Thank you, Glenn Allsop, for your wise and calm words. Other contributors have made much of religious beliefs in this discussion, but although I am a practising Christian, I do not accept that the right to freedom of expression is linked to any particular faith [or indeed, as some atheists would have one believe, that such freedom is incompatible with any religious faith]. Having siad that, Jesus made it abundantly clear that He came to bring us freedom, which must include freedom of thought and expression. Unlike Islam, which sadly excludes to right to choose ones faith. Fortunately, most moderate muslims, especially those who live in Europe, are more than happy to accept that their freinds and neighbours may believe differently to them, and don't like them any the less for it. Conversely, yes there are extreme "Christian" groups in the Middle East [and even more so in USA] whio wish to quash free speech and even foment trouble, but they have no more to do with true Christianity than islamists do to true islam.

Je suis Chralie, aussi un juif, aussi Ahmed, aussi tous les gens partout dans le monde qui se trouvent persecutés, emprisonnés, supprimés...

Celeste, they would feed discontent by saying 'Told you so' or something equally trite. They, like all of us, had their time and once that passed they should take their place in history, end, over and out. Today we can only live in and for today, nostalgia does not put food on the table or run the vacuum cleaner. If it did then power would be very cheap, I suspect.

The "Christians" I was talking about are American fundamentalists. The West has its fair share of madmen!

Don't worry about terrorists. You have a 1 in 250 lifetime chance of dying in a road traffic accident.
Now there is a real cause for terror!

Celeste, there you see how words become distorted and mythologised. Powell was a classical scholar, as horribly narrow minded he was about the world, so he took a quote from the Sibyl prophesies in the Aeneid, written by Virgil, of 'wars, terrible wars, and the Tiber foaming with much blood.' He never said there would be blood on the streets of England. Read his closing words, citing the epic poem:

"As I look ahead, I am filled with foreboding. Like the Roman, I seem to see "the River Tiber foaming with much blood". That tragic and intractable phenomenon which we watch with horror on the other side of the Atlantic but which there is interwoven with the history and existence of the States itself, is coming upon us here by our own volition and our own neglect. Indeed, it has all but come. In numerical terms, it will be of American proportions long before the end of the century. Only resolute and urgent action will avert it even now. Whether there will be the public will to demand and obtain that action, I do not know. All I know is that to see, and not to speak, would be the great betrayal."

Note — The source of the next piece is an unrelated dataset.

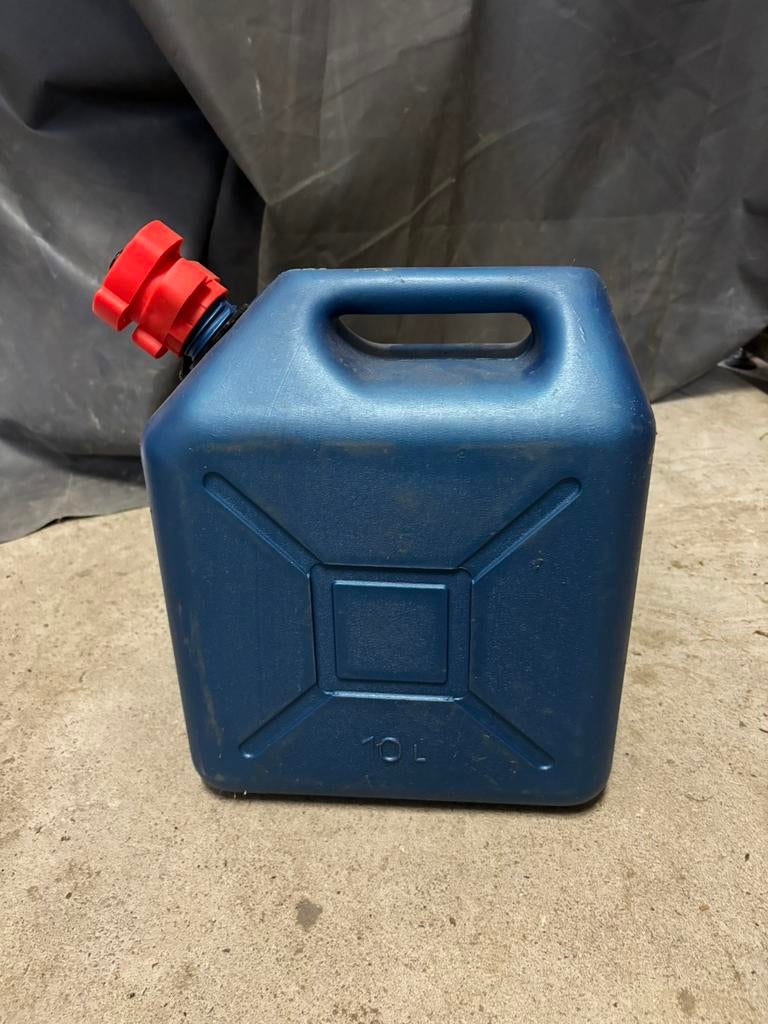 Gebruikte 10 liter jerrycans met afsluitdop en tuit, Ophalen of Verzenden, Gebruikt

The media made the interpretation that is now so much quoted by those who oppose immigration, yet that was a speech early in 1968 that many of us protested about, but at the time never read into it anything about blood in any streets anywhere, the Tiber in Rome, which is a river and most certainly not a street in England. However, it is now part of the mythology of political predictions coming true although to compare 1968 and 2015 is nigh on impossible. Yet it is there and it is cited and badly repeated, but those who do so are usually no more than corrected occasionally but not forbidden to repeat it. That would be censorship I believe. That is the last any of us wish to see.

Yes, once upon the time the freedom of speech was even going so far that a then president claimed: 'God told me to end the tyranny in Iraq' so simple said: he was on a mission from God when he launched the invasions of Afghanistan and Iraq. In this sense even mutual respect can back-fire in a world full of charli's...

just joking, good friendly reminder Brian

Phil H, did you have to change your nationality before being allowed to vote in The Isle of Man?
I think not.
The two cases are not the same, if we wish to remain British we stand to lose the right to vote after 15 years. Many of us have our pensions, that is our main financial interest in the UK and should not be denied the right to vote on which government will oversee that.